The socket programming howto is relevant to this question, specifically this part:

Now we come to the major stumbling block of sockets - send and recv operate on the network buffers. They do not necessarily handle all the bytes you hand them (or expect from them), because their major focus is handling the network buffers. In general, they return when the associated network buffers have been filled (send) or emptied (recv). They then tell you how many bytes they handled. It is your responsibility to call them again until your message has been completely dealt with.

...

One complication to be aware of: if your conversational protocol allows multiple messages to be sent back to back (without some kind of reply), and you pass recv an arbitrary chunk size, you may end up reading the start of a following message. You’ll need to put that aside >and hold onto it, until it’s needed.

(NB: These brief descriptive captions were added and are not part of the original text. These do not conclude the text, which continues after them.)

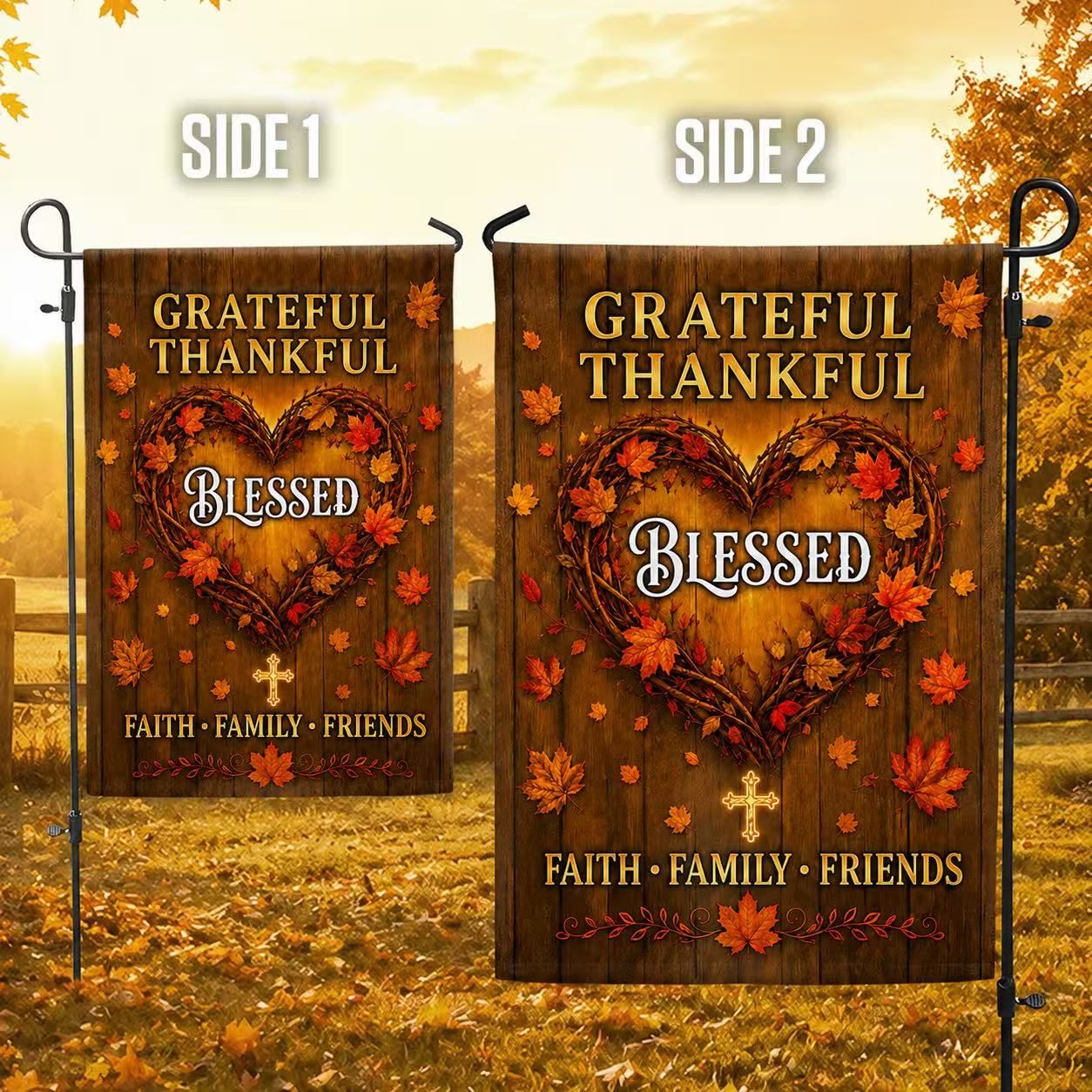 Grateful Thankful Blessed Garden Flag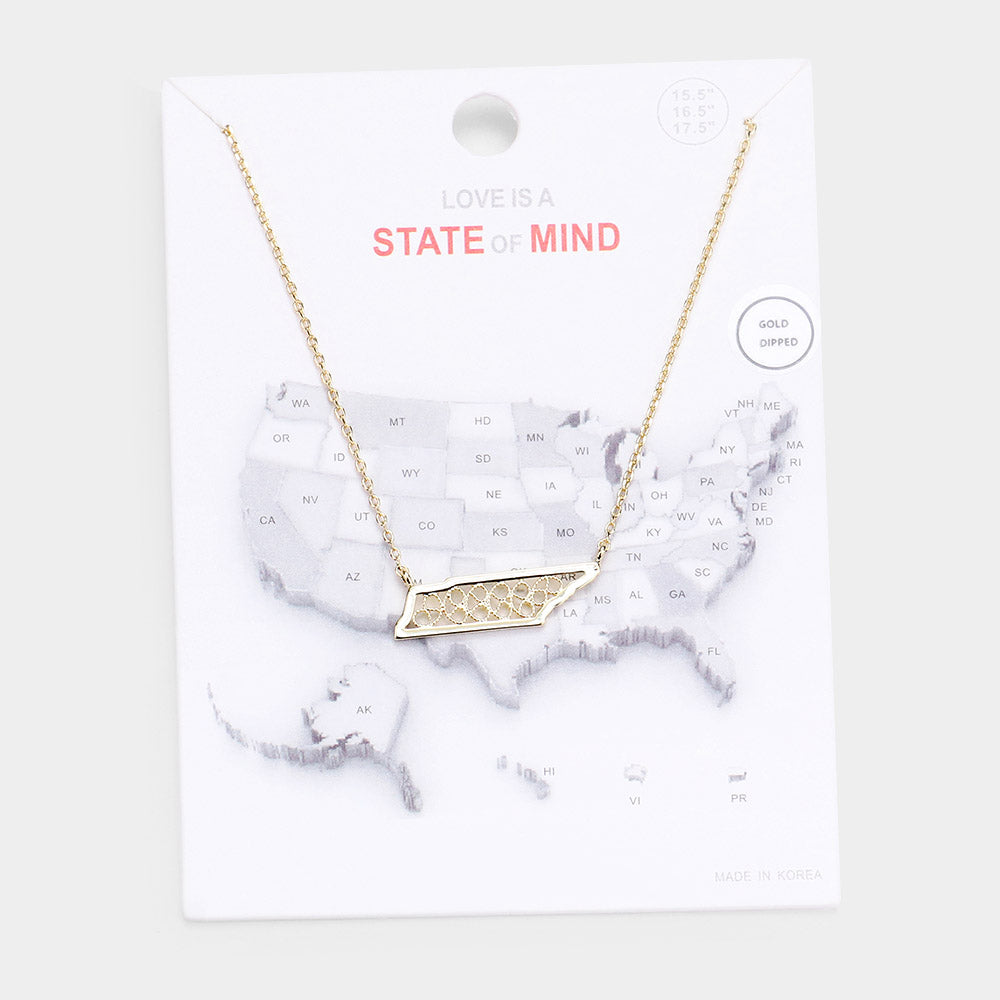 Gold Dipped Tennessee State Pendant Necklace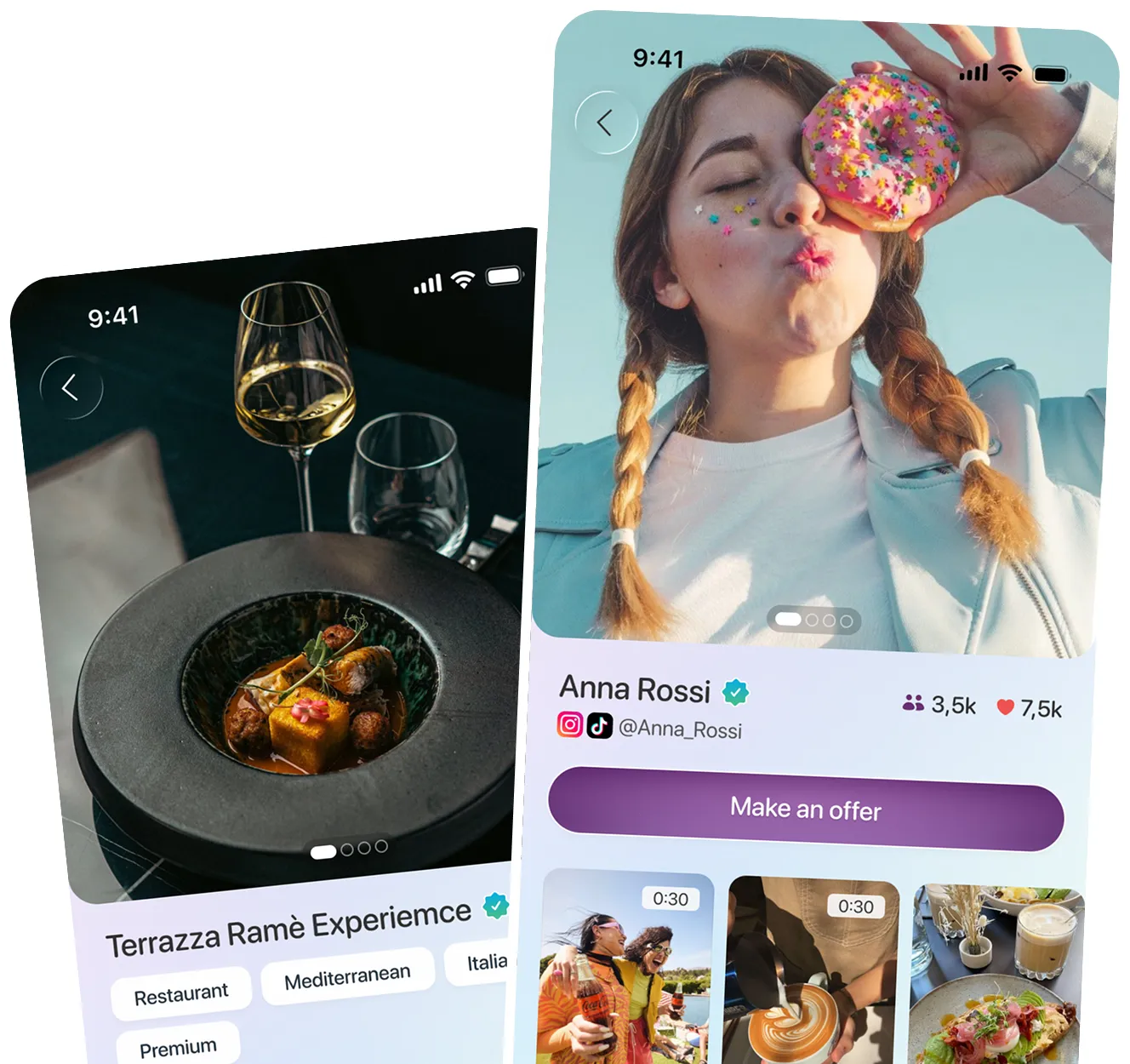 Screenshot dell'app Rumoo con profili di locali e creator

Prefixing the message with it’s length (say, as 5 numeric characters) gets more complex, because (believe it or not), you may not get all 5 characters in one recv. In playing around, you’ll get away with it; but in high network loads, your code will very quickly break unless you use two recv loops - the first to determine the length, the second to get the data part of the message. Nasty. This is also when you’ll discover that send does not always manage to get rid of everything in one pass. And despite having read this, you will eventually get bit by it!

The main takeaways from this are:

  • you'll need to establish either a FIXED message size, OR you'll need to send the the size of the message at the beginning of the message

  • when calling socket.recv, pass number of bytes you actually want (and I'm guessing you don't actually want 1024 bytes). Then use LOOPs because you are not guaranteed to get all you want in a single call.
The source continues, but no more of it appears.